§ **Supplied information**
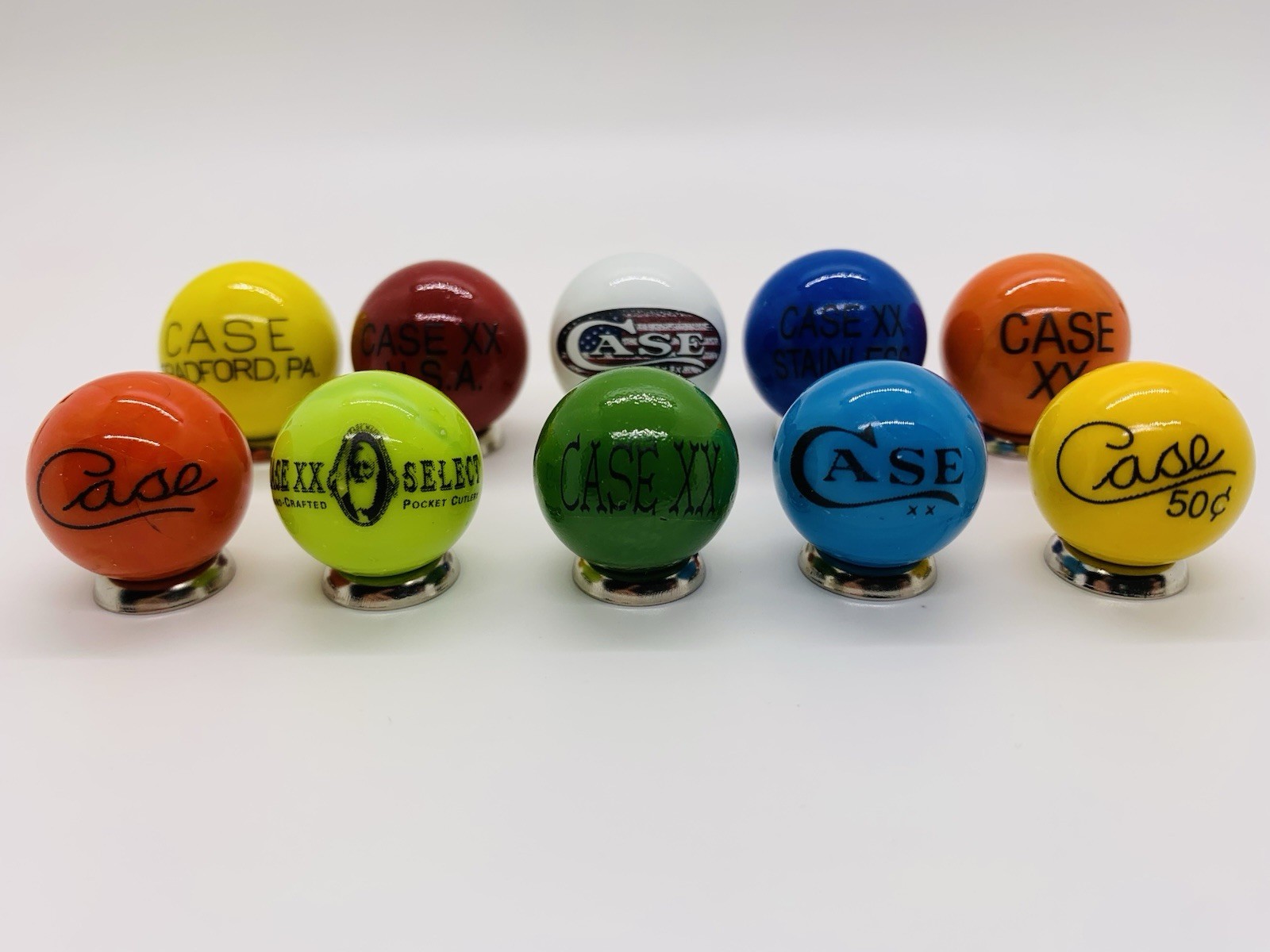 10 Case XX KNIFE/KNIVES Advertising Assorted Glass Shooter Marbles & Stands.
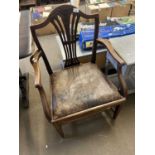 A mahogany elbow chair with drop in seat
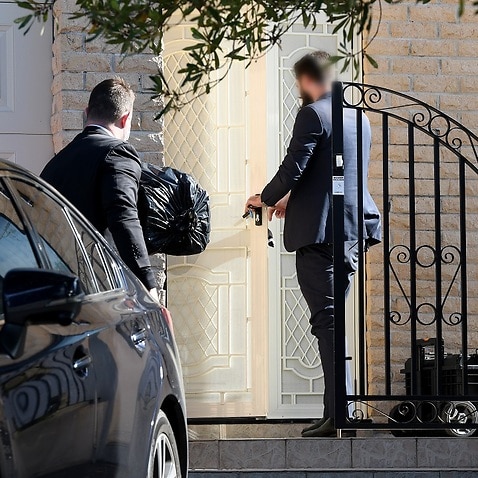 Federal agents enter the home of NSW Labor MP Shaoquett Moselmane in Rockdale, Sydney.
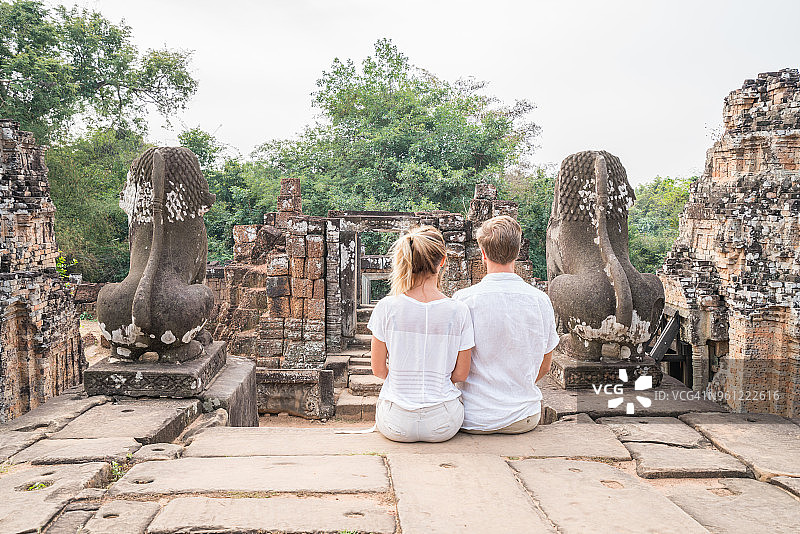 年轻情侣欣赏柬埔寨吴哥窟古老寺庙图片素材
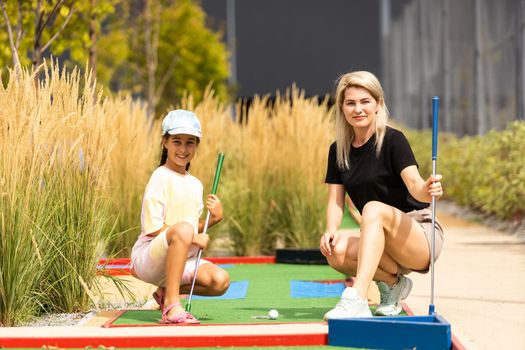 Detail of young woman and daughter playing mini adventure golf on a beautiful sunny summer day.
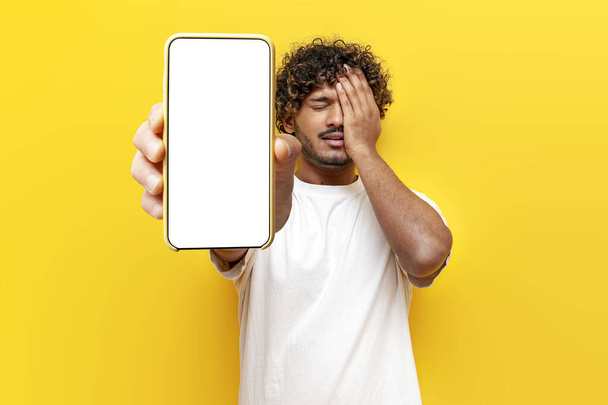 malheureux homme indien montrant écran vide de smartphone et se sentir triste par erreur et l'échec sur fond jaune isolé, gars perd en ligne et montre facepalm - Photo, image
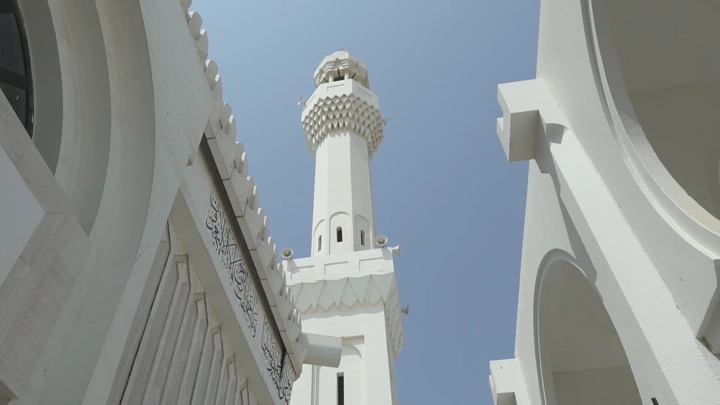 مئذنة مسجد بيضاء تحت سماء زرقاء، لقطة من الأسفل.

§ **Exercise brief**
The required output is the exact lines from the opening line of the entries through the line with "年轻情侣欣赏柬埔寨吴哥窟古老寺庙图片素材", inclusive, without pictures.

§ **Exercise result**
 10 Case XX KNIFE/KNIVES Advertising Assorted Glass Shooter Marbles & Stands.
 A mahogany elbow chair with drop in seat
 Federal agents enter the home of NSW Labor MP Shaoquett Moselmane in Rockdale, Sydney.
 年轻情侣欣赏柬埔寨吴哥窟古老寺庙图片素材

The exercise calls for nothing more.